Remus avait fait venir les membres de l'Ordre dans le salon, à la fin de la réunion hebdomadaire. Habituellement, les plus âgés partaient aussitôt la réunion terminée mais aujourd'hui, il avait quelque chose à leur annoncer.
—Merci d'être resté, je vais être bref pour ceux qui sont attendus, Helena et moi-même allons partir quelques temps.
—Partir ? C'est-à-dire ? demanda Lily.
—Nous allons quitter le pays.
—Quoi ! Mais, vous ne pouvez pas nous abandonner ainsi, on a besoin de vous ! Et comment on va faire pour le QG ? Vous allez partir en vacances en pleine guerre ?
—Non, nous n'allons pas vous abandonner. Vous pourrez garder la maison comme QG. Et non, nous ne partons pas en vacances. Nous allons accomplir une mission, très importante et qui sera décisive dans la lutte contre Voldemort. Avant que vous ne posiez de questions, je ne vous dirais pas en quoi cela consiste. Et puis Helena a besoin de s'éloigner de l'Angleterre, c'est l'occasion parfaite. Même si ce qu'on va faire ne sera pas très agréable.
—Vous partez où ? Pour combien de temps ? s'interrogea Sirius.
—Je ne sais pas. On peut le trouver en deux jours, comme en deux semaines, comme en deux mois. Et pour votre sécurité, c'est mieux si vous ne savez pas où on va.
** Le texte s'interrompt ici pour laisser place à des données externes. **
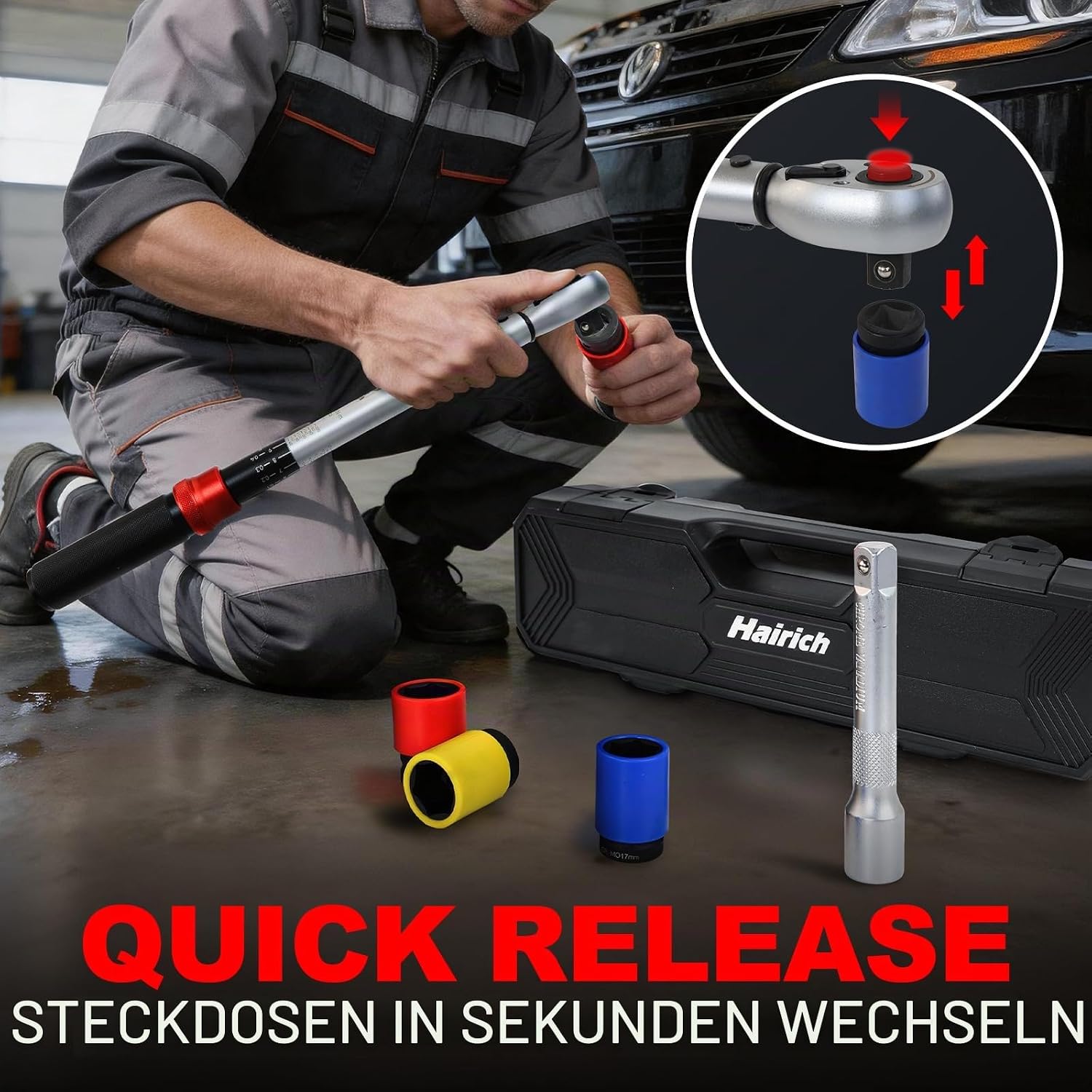 Hairich Drehmomentschlüssel Auto 1/2" 40-210 Nm | TÜV SÜD GS zertifiziert | 5-teiliges Werkzeugset mit 125 mm Verlängerung und 3 Stecknüssen | Ideal für Reifenwechsel, Auto- & Motorradreparaturen 5 Hairich Drehmomentschlüssel Auto 1/2" 40-210 Nm | TÜV SÜD GS zertifiziert | 5-teiliges Werkzeugset mit 125 mm Verlängerung und 3 Stecknüssen | Ideal für Reifenwechsel, Auto- & Motorradreparaturen – Bild 5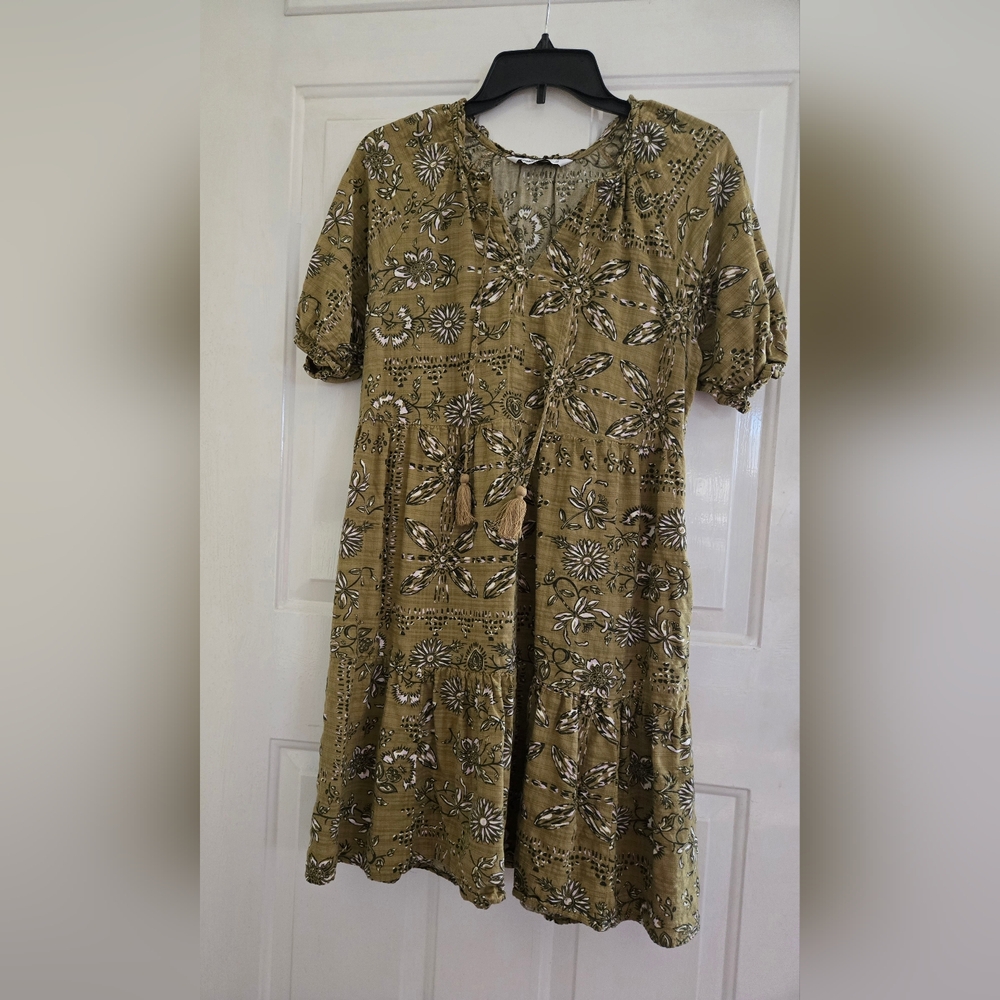 Sonoma Womens Summer Short Sleeve Ruffle Floral Dress
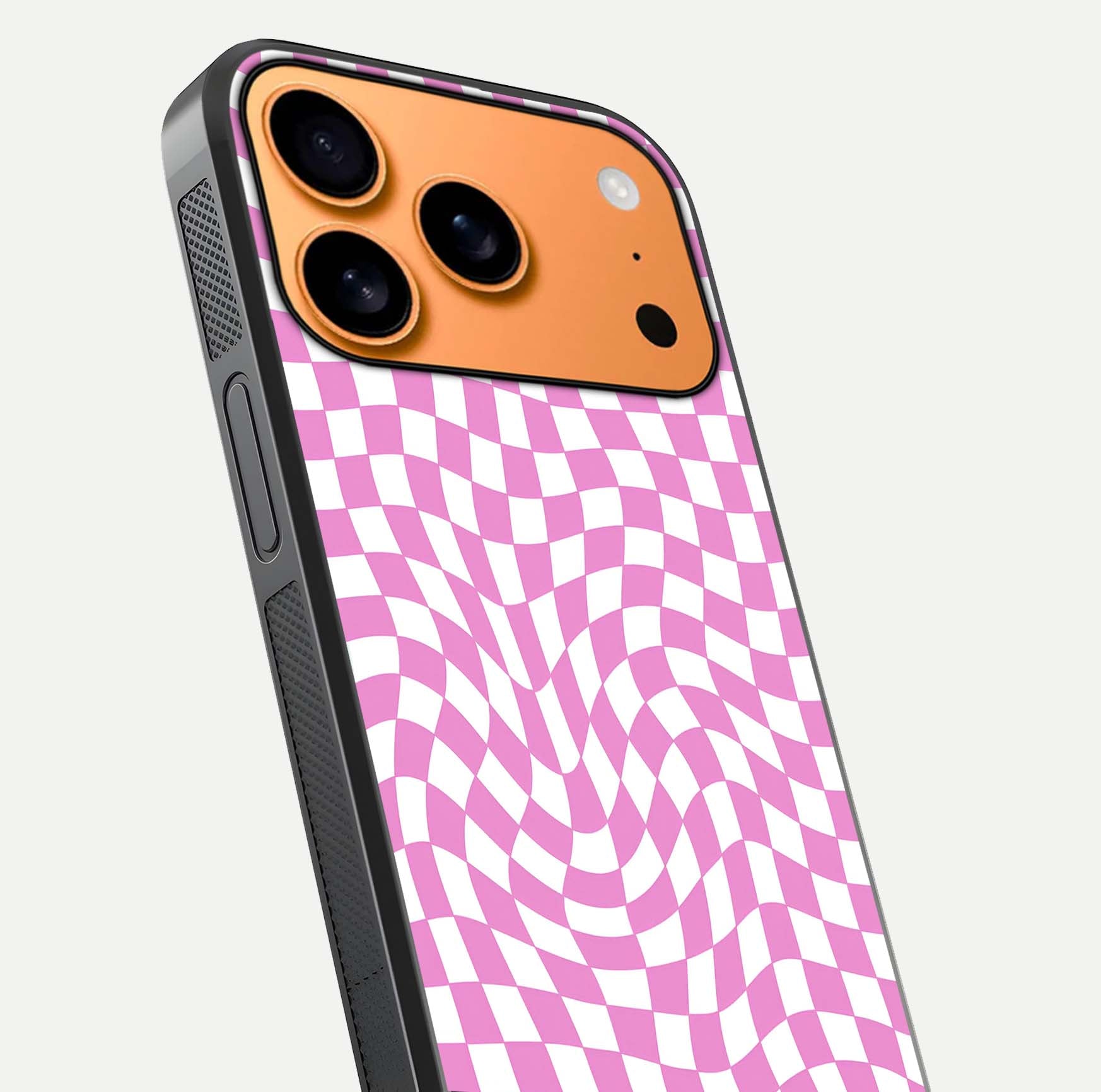 Bubblegum Check Wave iPhone 17 Pro Max glass phone case angled back view highlighting check wave artwork and side grip texture
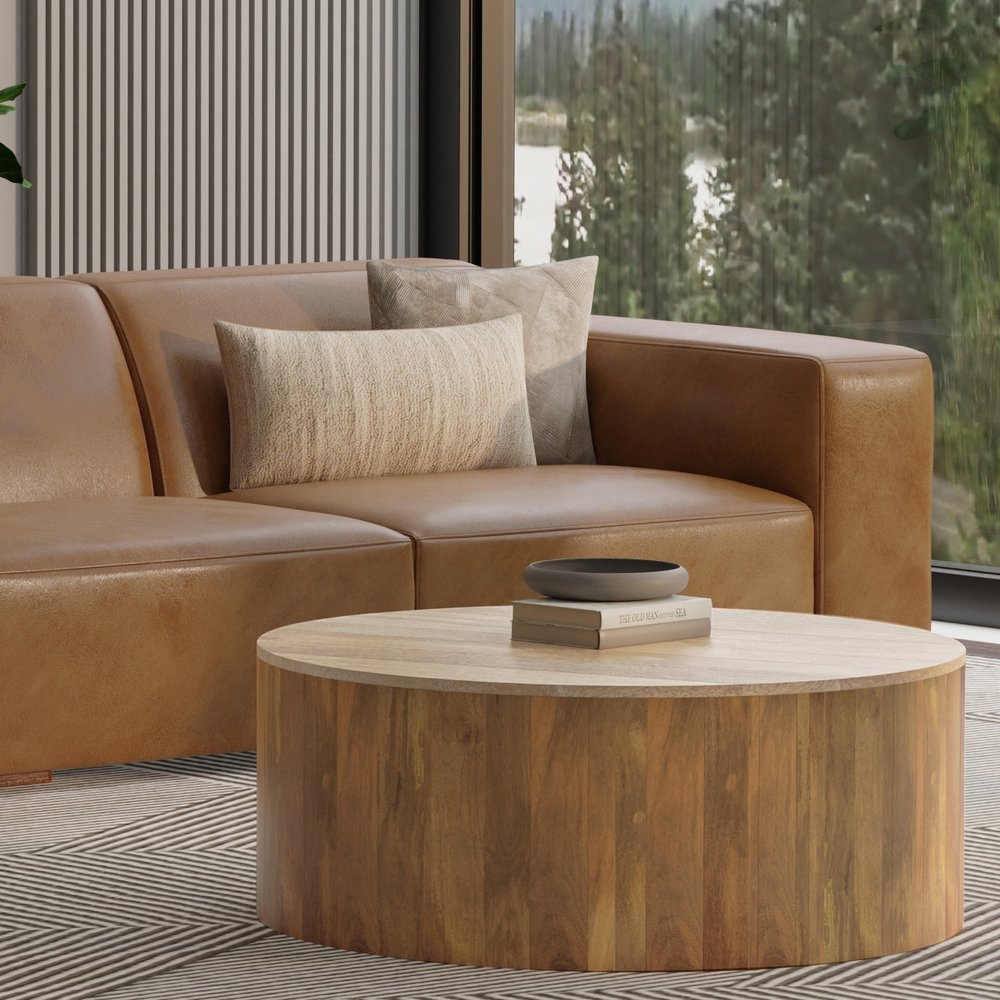44" Brown Leather Modular Sofa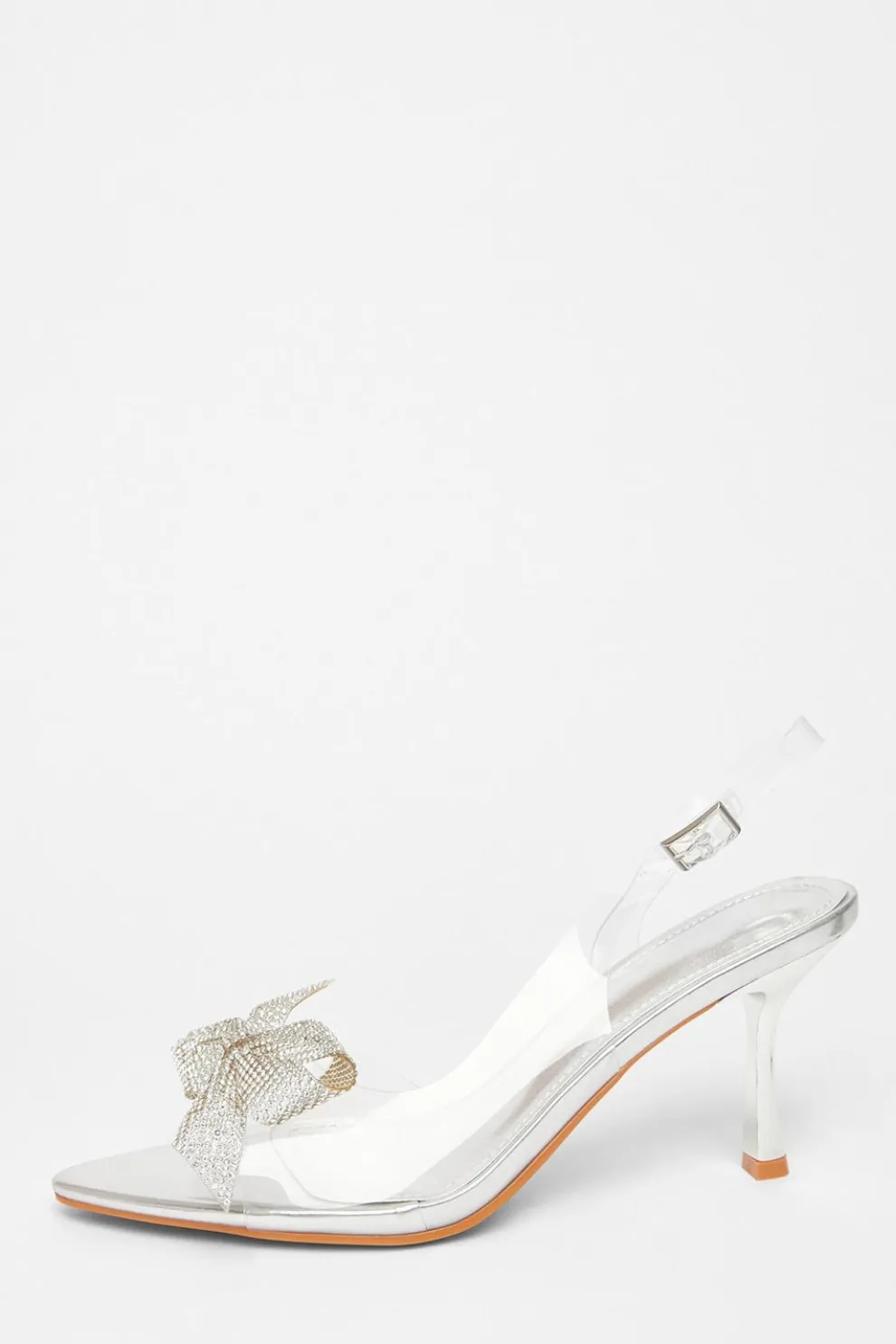 Silver Diamante Bow Heels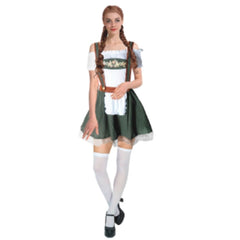Adult beer girl green costume with black bodice, green skirt, and over-the-knee white stockings for Oktoberfest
Sur ces paroles, les sorciers qui ne dormaient pas au QG transplanèrent chez eux et les autres, à savoir les maraudeurs, Lily et Alice qui avait décidé de rester là puisque Frank était en mission.
—Comment vous pouvez nous faire ça ? Je voulais que vous soyez là pour le mariage.
—Mais on pensera à vous Alice. Je sais que tu aurais voulu qu'on vienne, mais c'est la période idéale, il n'y a personne à Poudlard donc en cas de problème, Dumbledore et Minerva seront là. Vous n'allez pas avoir besoin de nous. Tout ira bien.
—Mais si vous mourrez ? Personne ne le saura et on attendra désespérément que vous reviendrez d'on ne sait quel pays.
—Du calme. On ne compte pas mourir, ni moi ni Helena malgré ce qu'elle dit. Et si par malheur c'était le cas, Minerva a le moyen de nous localiser.
—Et si l'un d'entre nous meurt ? Il y aura forcément des batailles pendant votre absence. Vous faites partis des meilleurs. Vous allez rentrer, tout heureux d'avoir accompli votre mission et vous tomberez des nues en voyant la moitié d'entre nous mort.
—Alice. Qu'est-ce qui te tracasse autant ?
—Je ne sais pas. Toutes mes amies auraient dû être présente. Et puis Mary est morte sans qu'on ne puisse rien y faire. C'était ma meilleure amie. Et puis en janvier, Dorcas est partie. Il ne me reste que Lily et j'ai peur de la voir mourir et de me retrouver seule. Et Helena, même si elle a tenté de nous repousser mainte fois, je la considère comme mon amie. Et malgré toute cette fichue guerre, je veux que mon mariage soit un jour heureux mais l'absence de mes amies planera au-dessus de nos têtes.
La sorcière avait les larmes aux yeux, Lily s'était rapprochée d'elle et la prenait dans ses bras tout en lui caressant les cheveux.
—Je ne vais pas mourir. Tu vas encore me supporter pendant longtemps.
—Quant à toi, fit Alice en regardant Remus. Tu as intérêt à revenir en vie et Helena aussi. Sinon je vous ressuscite et je vous tue !
Remus eut un sourire contrit devant l'expression de la jeune femme. Même si les autres ne s'étaient pas autant exprimés qu'elle, le voyageur temporel avait lu dans leurs regards qu'ils n'en pensaient pas moins. Les dernières missions qu'ils avaient faites n'avaient pas été couronnées de succès, mais ils devaient aller chercher cet horcruxe, sinon Voldemort continuerait d'être immortel. C'était le cas de le dire, c'était une question de vie ou de mort.